About 66 million years ago, the Earth was hit by an asteroid that landed on Mexico’s Yucatan Peninsula. This impact had disastrous consequences – it caused the mass extinction of the dinosaurs. The asteroid’s fall caused a huge tsunami that wiped out some life on Earth. Scientists created the first simulation of this fact.

Tsunami after the Asteroid Impact

A tsunami simulation that wiped out the dinosaurs after an asteroid hit was published in the  AGU Advances journal in early October. The model situation showed that the water reached a height of about a thousand meters just after the impact. About an hour after the crash, wave heights in the open ocean in the Gulf of Mexico exceeded 300 meters. Wave height decreased with time and distance from the impact.

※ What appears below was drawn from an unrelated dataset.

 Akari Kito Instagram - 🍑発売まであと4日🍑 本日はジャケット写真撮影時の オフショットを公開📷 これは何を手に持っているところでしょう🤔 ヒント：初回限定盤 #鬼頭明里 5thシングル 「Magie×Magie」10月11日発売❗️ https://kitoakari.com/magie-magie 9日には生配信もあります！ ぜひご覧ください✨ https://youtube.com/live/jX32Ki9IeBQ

The authors calculated that the initial prehistoric tsunami energy was up to 30,000 times greater than the tsunami energy generated by the December 2004 Indian Ocean earthquake. It took approximately a week for the wave to dissipate completely.

Prehistoric Evidence

Scientists examined about 120 geological sites before and after the asteroid impact to find evidence of the tsunami’s destructive power. They discovered disturbed and eroded sediments in ocean basins from present-day Mexico to New Zealand.

“The distribution of erosion and gaps we observed in the Upper Cretaceous marine sediments is consistent with our model results, giving us greater confidence in the model predictions,” said lead author Molly Range, a physical oceanographer at the University of Michigan.

The most valuable geological evidence is located on the east coast of the North and South Islands of New Zealand, which are more than 12 thousand kilometers away from the asteroid impact site in Yucatan. These deposits are a record of prehistoric global tsunami effects.